Rev. Bowie fit the Scottish stereotype in many ways — he is legendary among Presbyterian pastors in this part of the country for standing up in the middle of a Presbytery meeting (all the pastors and church leaders in West Texas) and loudly telling the Presbytery Executive (the closest thing we have to a Bishop) that he could “go piss up a rope!” He was not a man to mince words.

When I think of John Knox, the 16th century Scottish reformer who almost single-handedly gave birth to the Presbyterian church, I imagine him in my mind to be a lot like Gordon Bowie.

John Knox is one of two Reformers who is often pictured with a sword in hand (the other is Ulrich Zwingli–I will likely preach on his life next year).

The reason for the sword is that Knox began his career not as a preacher, but as a bodyguard for a preacher.
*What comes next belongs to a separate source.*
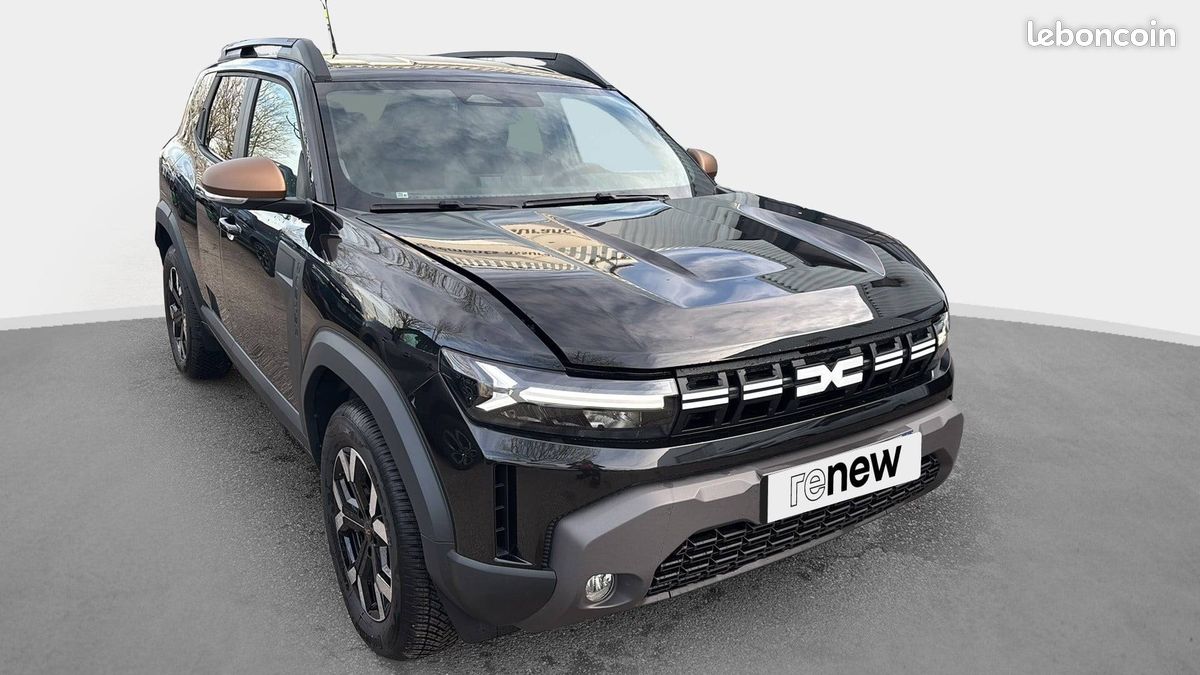 DACIA DUSTER Extreme TCe 130 4x4 (image 8)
George Wishart (the man in the picture who isn’t holding a sword), was an early voice in Scotland preaching against the wealth and power of the Catholic church, and demanding that it reform. Knox, who was at the time an ordained Catholic priest, went to hear Wishart preach in his hometown. He was moved by Wishart’s words, renounced Catholicism, and offered his services to Wishart as a bodyguard, accompanying him everywhere he went with a large and imposing Scottish Broadsword.

Ultimately, however, Knox failed as a bodyguard. Wishart was arrested, tried, and convicted of heresy, then burned at the stake, becoming an early martyr for the Protestant cause. This had a profound impact on Knox, who put down his sword and picked up his Bible, preaching wherever he could, and wielding words as a far more effective weapon.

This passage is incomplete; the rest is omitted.